Year #3: Do it all over again.

etc.

How many years has Microsoft been trying to get rid of all the employees that are such a menace?

HR must be hiring them faster than SteveB can get rid of them.

Anonymous said...

>>Reading the comments, it sounds like once a 10% is on your record, there is no future to move into another organization, even if your prior record is stellar, and even after getting out of the 10%, Is there anybody posting on this blog that earned a 10% at one time in Microsoft (or knows somebody) and was was later hired by another group in Microsoft?

This changed when the layoffs started. Prior to that it was more difficult, but certainly not virtually impossible as it is now.

Basically, the meaning of *any* 10% rating now means "underperformed", given the fact that you'll be lucky to get informationals, let alone a loop.

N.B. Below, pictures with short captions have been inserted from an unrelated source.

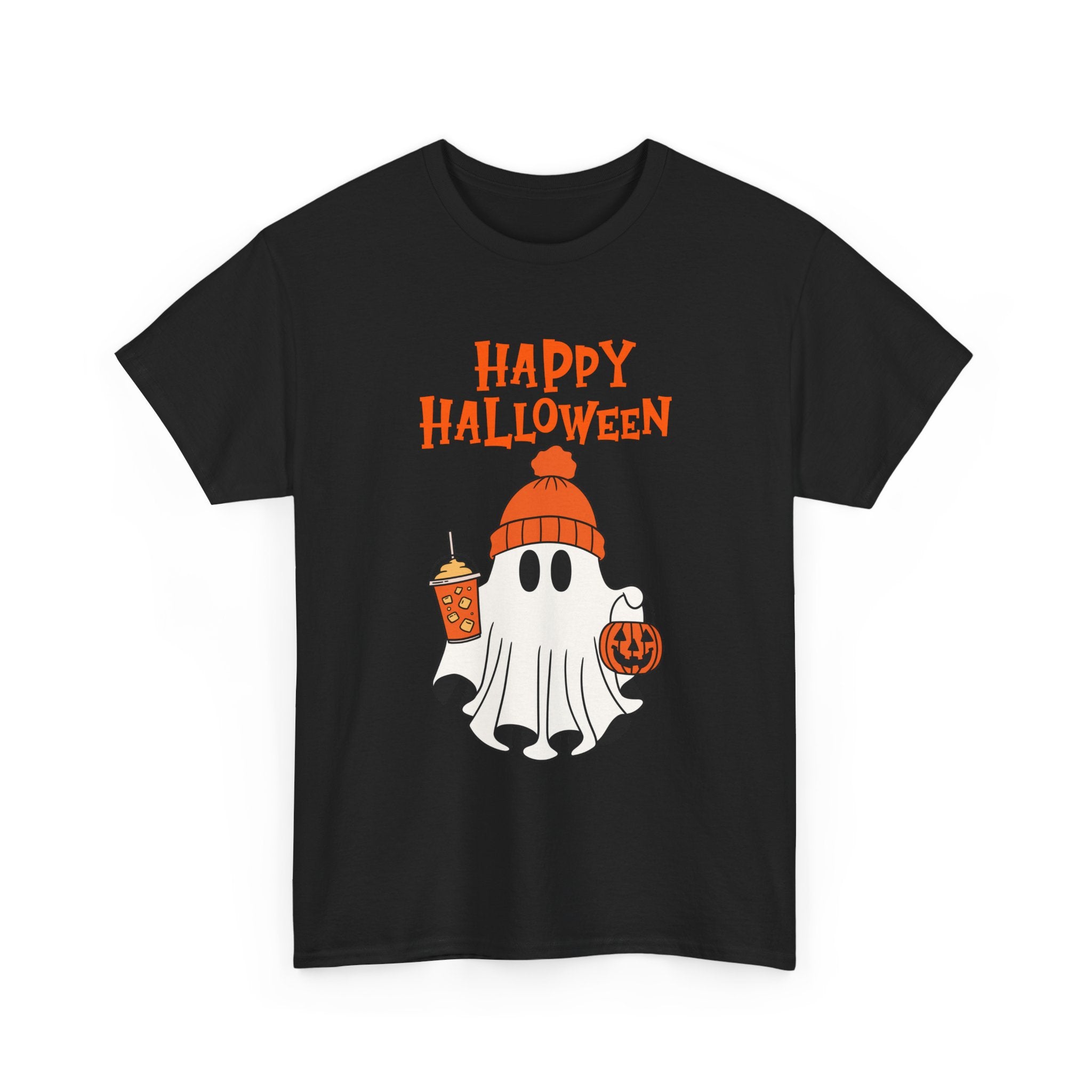 Happy Halloween Ghost Tee, Unisex Cotton T-Shirt, Halloween Apparel, Fall Fashion, Cute Halloween Gift, Ghost Tee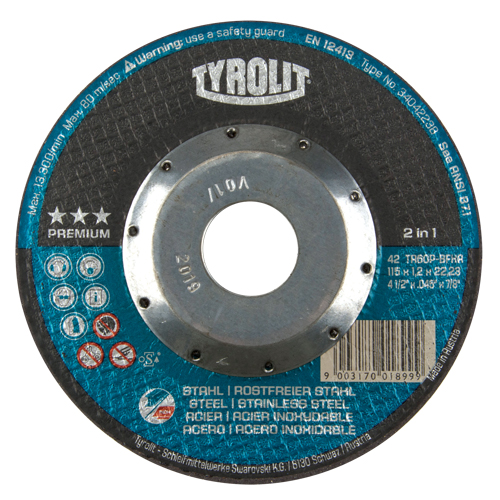Premium 2 In 1 Thincut Cut-Off Wheel, 4-1/2" x 0.045", 7/8" Arbor, Type 27, Aluminum Oxide, 13300 RPM Brunswick Fyr & Safety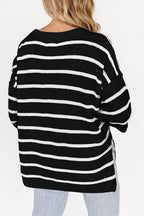 Stripe Knit Top Women's Collared Button Drop Shoulder Side Slit Long Sleeve 3fbe6b49-2e99-4093-a228-05e786cd30da-Max Trendsi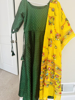 Picture of Combo dresses green long frock with duppta and orange color frock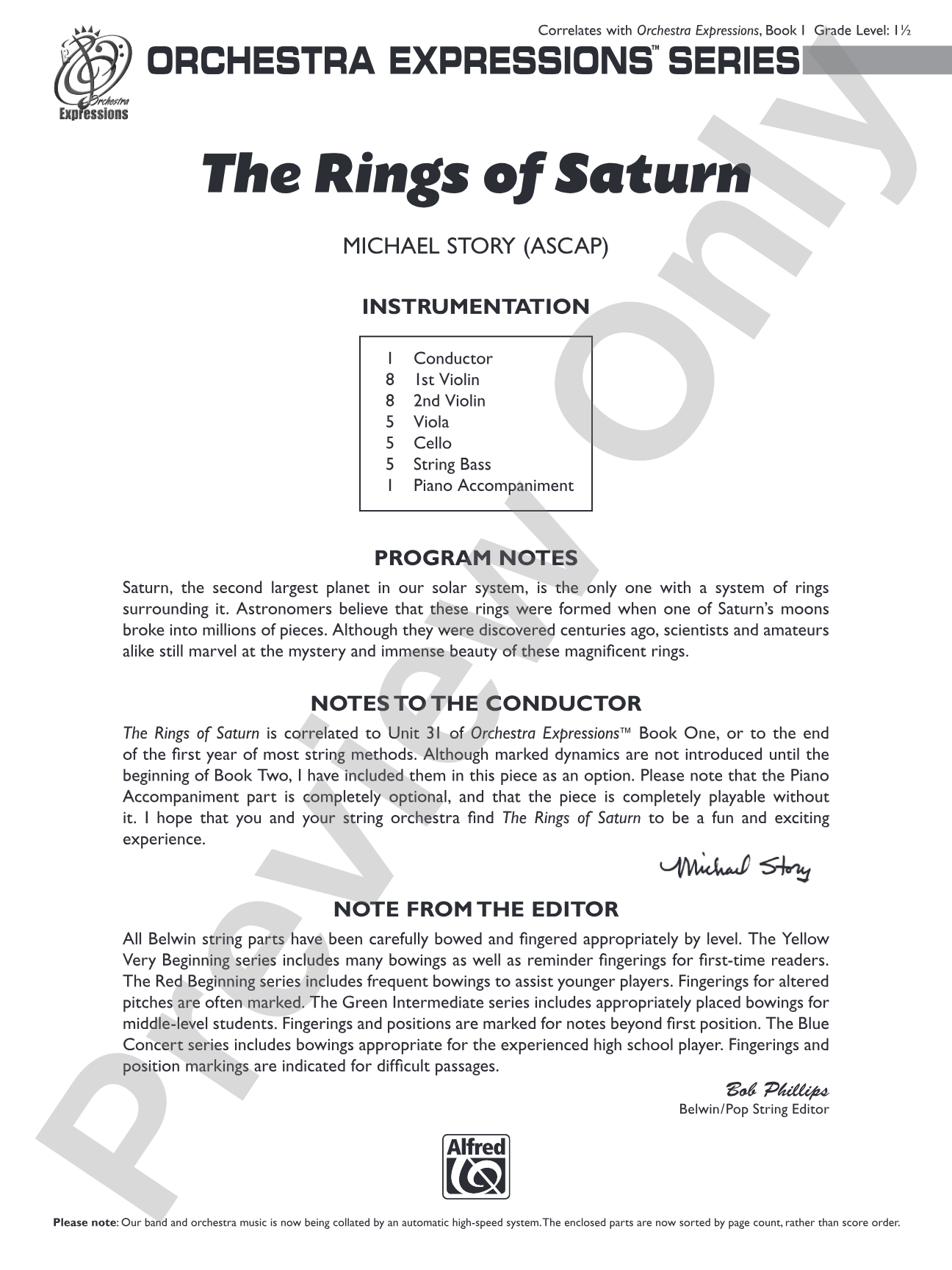 The Rings of Saturn: String Orchestra Conductor Score & Parts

I did get a loop, and without the 10% would have been hired. But a hire for 10% requires GM/VP-level approval in all divisions I'm aware of, and your loop needs to have been completely flawless from the POV of all interviewers.

I wish I'd been told about this before the loop, but at the time, most hiring managers weren't aware of the VP-approval thing.

So from a manager's POV, 10% is a great way to imprison folks who you either want to manage out (rather than let them find a better fit), or you think might be a flight risk and cause you a ding for "bad attrition".

If that wasn't bad enough, every day for the past year, I've wondered if my card key will still work. The change in the meaning of any 10% rating is a profoundly negative turn of events.

Might be just me, but it seems that calibrations are now all about "who can we push out?" rather than "who can we reward for a job well done". At the senior level in particular, I see zero interest from managers in career growth. Perhaps that isn't coincidental.

Anonymous said...

PERFORMANCE REVIEWS: THE DILEMMA OF FORCED RANKING

Here’s the dilemma: Forced distributions do differentiate
employees from one another, and they eliminate rater leniency, but evidence
indicates that they tend to be associated with lower effectiveness of
performance management systems, particularly when appraisal results are tied to
termination. Proponents of forced rankings argue that they facilitate budgeting
and guard against spineless managers who are too afraid to jettison poor
performers. Forced rankings, the thinking goes, force managers to be honest
with workers about how they are doing. Critics say they compel managers to
penalize a good but not great employee who is part of a superstar team.
Conversely, a mediocre employee on a struggling unit can come out looking
great. Most companies guard against this problem by refraining from rigidly
applying the distribution to smaller teams—but this means the spread has to be
made up somewhere else. The result: Different managers spend hours haggling
with one another to meet the overall distribution requirements. According to
one middle manager at Microsoft, this horsetrading process can be frustrating
and time consuming. While the company says it does not require managers to
assign a certain percentage of employees to each level, the middle manager says
there is unspoken pressure to do so.
Another area of contention is the ranking criteria. In
contrast to objective criteria, such as sales revenue generated or error-free
products produced, many organizations use fuzzy, qualitative criteria to
evaluate employees. While there is no doubt that teamwork and communication
skills are vital, they are tough to measure. After all, one manager’s team
player is another’s yes-person. Indeed a senior manager at one large firm
admits that the company’s ranking criteria are “very subjective,” adding,
“There aren’t easy labels for what type of person someone is.”
So is this spate of new forced-ranking systems an anomaly or
a taste of things to come? One employment lawyer predicts a lot of litigation
surrounding this issue. Managers had better get ready.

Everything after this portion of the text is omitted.